La semana pasada les conté que pasé un extraño 24 de marzo en Berlín, preguntándome qué conmemorar y de qué forma. Pero si de otros holocaustos se trata, y si se piensa en la relación victimaria que traza la sinuosa línea que une a alemanes, israelíes y palestinos, creo que vale la pena contarles lo que acabo de ver en este festival Digging Deep And Getting Dirty, en el teatro Schaubühne. Ante la mención de la palabra Gaza, o la menor insinuación de que el holocausto palestino parece no tener fin, los actores israelíes braman sobre el escenario: “¡No se puede comparar!”. Se toman a la chacota todos los imperativos que pesan sobre ellos. En este evento tan germánico, que –fiel a su tradición de teatro político– bucea en las relaciones entre identidad e ideología, el teatro nacional Habimah de Tel Aviv va tan lejos que mete miedo. Hace mucho que no tenía esta sensación de impiadosa travesura; la única experiencia parecida que recuerdo me sucedió a los ocho años, cuando en una obra durante Teatro Abierto escuché a un actor decir una muy mala palabra, y me horroricé porque pensé que se le había escapado. Estaba Alfredo Alcón en la platea, viendo la obra, y lo primero que pensé (y aún lo recuerdo) fue: “¡Pobre actor! ¡Se le escapó una grosería justo ahora que lo vino a ver Alcón!”.
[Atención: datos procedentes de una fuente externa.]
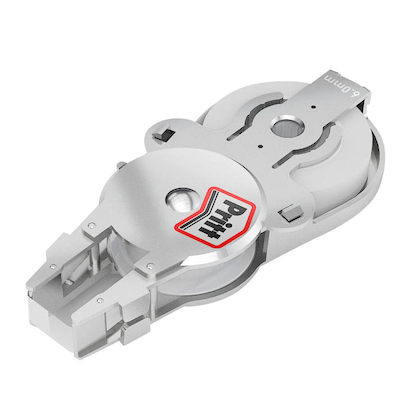 Artikelbild 3 für Pritt Nachfüllkassette für Korrekturroller refill flex 4,2 mm, 1 St., Artikelnummer 293656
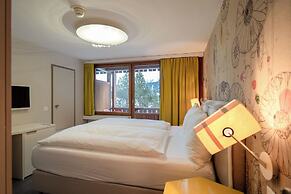 Wellness Hotel Stoos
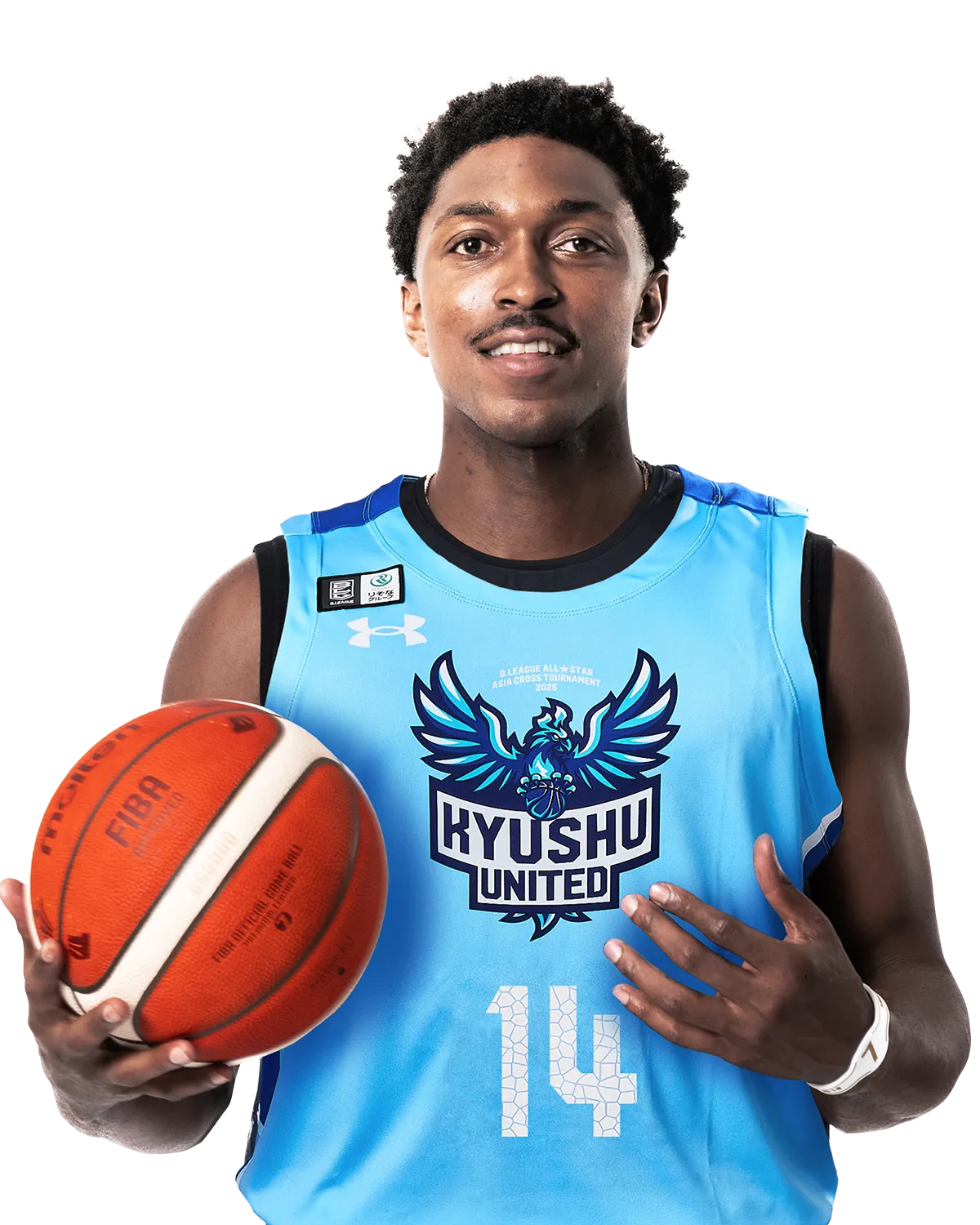 スタンリー・ジョンソン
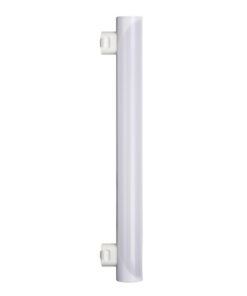 Xavax Ledlamp S14s 320lm Vervangt 30W Lijnlamp 30 Cm Warm Wit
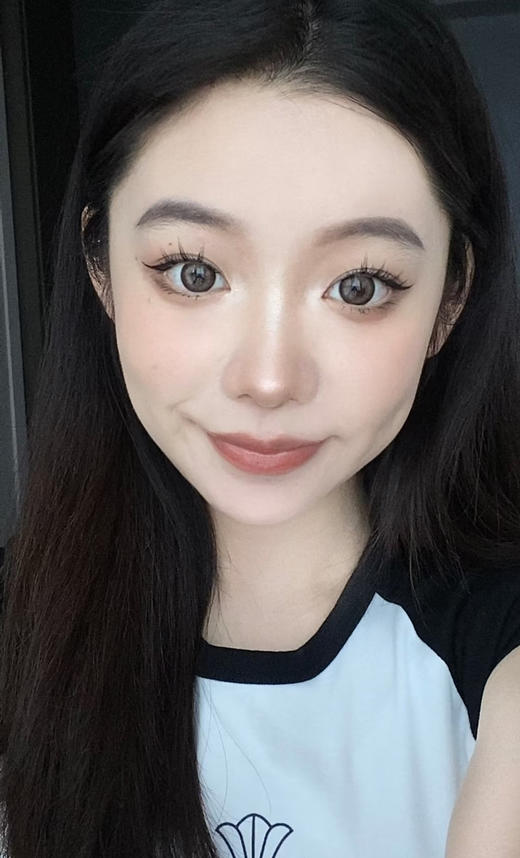 『日抛中直径』MoriMega-核桃乳-14.2mm【日抛 0-800度 无525/575】 商品图8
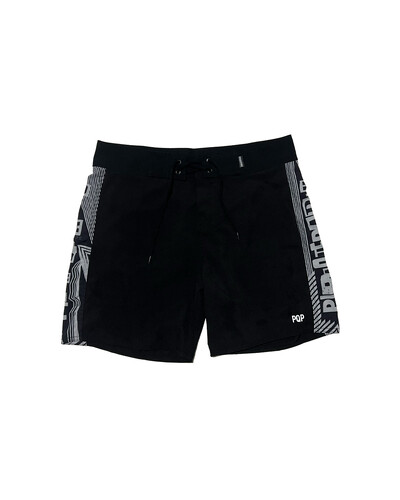 Foto Bermuda PQP Balck
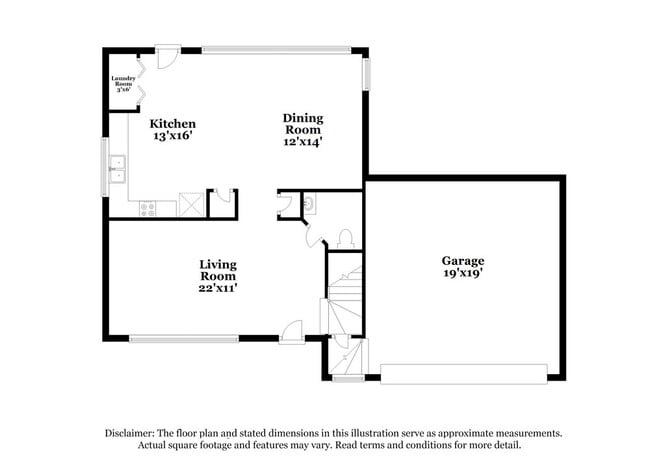 Foto del edificio - 18105 Red Pine Ct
Esta obra se llama Tercera generación, y una vez más me tuvo como un chico, escuchando horrorizado lo que no se puede decir nunca. El cóctel de clichés gritados en primera persona hasta agotar el stock no sólo es violento y felizmente grosero, sino que va más allá de toda paquetería simbólica o refinamiento burgués, para tornarse desopilante. Actores de estos tres países, dirigidos por la israelí Yael Ronen, desarrollan la experiencia biográfica de los jóvenes de esta “tercera” generación en un conflicto que no parece tener fin, y que se origina en el Holocausto. La primera generación (la de víctimas y victimarios) no se refiere sólo a judíos y alemanes. Los palestinos también hablan de su “catástrofe”, su holocausto, cuando se crea Israel. Con la segunda generación se movieron las piezas del conflicto: Alemania se empapa en culpa, Israel victimiza a Palestina, Palestina lanza la Intifada, mientras el mundo islámico parasita la causa en propio beneficio, al tiempo que desprecia a sus hermanos desvalidos en arábigo silencio. En Jordania son ejecutados; en la frontera egipcia se les niega el paso y el refugio. Y ahora, la tercera generación, la de la encrucijada más oscura, sea tal vez por eso la más lúcida. Palestina es víctima no sólo de Israel sino –y por sobre todo– de Hamas; los israelíes se dividen en tantos puntos de vista como sean necesarios para justificarse a sí mismos, y por consiguiente se odian mucho más entre ellos que a sus victimarios, y por último los alemanes ya sienten más o menos saneada su culpa y les gustaría no ser tenidos como socios de hecho de las atrocidades perpetradas en Gaza. No estoy informando nada nuevo, pero es conmovedor ver a un grupo de actores palestinos residentes en Tel Aviv que viajan a Alemania con pasaporte israelí acompañados de sus colegas judíos para visitar los campos de concentración de Sachsenhausen y tratar de entender qué hacer con todo esto. “Hemos entendido que ninguna especie es superior a otra”, se mofan con malicia los alemanes, erigiendo múltiples pancartas que parodian su activismo y su buena conciencia, “y por eso pedimos el fin de la masacre en Palestina, así como también el fin de los criaderos de pollos para alimento, o el ordeñe sistemático de vacas, que es tortura”. “¡Iguales derechos para todos los animales humanos y no humanos!”
La obra se estrenó en Israel: no hubo censura, si bien la recepción es escandalosa. No se podrá mostrar en Palestina (o lo que queda de ella) porque allí impera lógicamente un boicot a todo lo que tenga que ver con un teatro nacional israelí. En la apacible Alemania, el estreno prometió mucho lío: el día previo se esperaban demostraciones de organizaciones judías, porque Alemania es tal vez el único país del mundo que no puede ni siquiera osar cuestionar la idea de un Estado de Israel.
La obra –cruel y valiente– goza del arduo privilegio de ser irrelevante; es sólo teatro, y no modificará en nada el conflicto que la origina, y que ya se ha cobrado con sangre de tres generaciones. Sin embargo, charlar con estos activistas de la razón, que –temerosos y sorprendidos– se presentan en la obra con sus nombres, apellidos y seudobiografías, es, en medio de tanto desasosiego, un delicado bálsamo.